Muitas empresas ficam tão preocupadas em se preparar para o futuro que acabam esquecendo de viver o presente, de fazer o que precisa ser feito imediatamente. Muitas vezes entram no modismo de querer inovar sempre e acabam esquecendo de entregar o básico, que é o que os seus consumidores esperam delas. A questão é que nem sempre o que os consumidores esperam de uma marca corresponde exatamente ao produto físico que elas entregam. Esse desencaixe entre a expectativa dos clientes e os investimentos na busca por inovação muitas vezes compromete os resultados financeiros das empresas – e o prejuízo que pode se revelar das formas mais diferentes. Pode ser uma pequena queda nas vendas, uma leve desvalorização da marca ou pode até comprometer completamente o futuro de uma empresa.

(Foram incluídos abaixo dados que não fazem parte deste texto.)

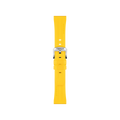 Tissot Official Yellow Silicone Strap Lugs 20 mm 1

No final dos anos 2.000, digamos, em 2007, 2008, os executivos da Blockbuster estavam mais preocupados em descobrir localizações-chave para as suas lojas de locação de vídeo do que em desenvolver formas de entregar vídeos via download. Enquanto isso, a Netflix investia em downloads e em programação exclusiva. Em 2012, a Blockbuster já não existia mais. Dá para entender a preocupação com o futuro. O que é um mistério é a incapacidade de certas equipes de enxergarem o óbvio sobre a evolução do seu próprio negócio.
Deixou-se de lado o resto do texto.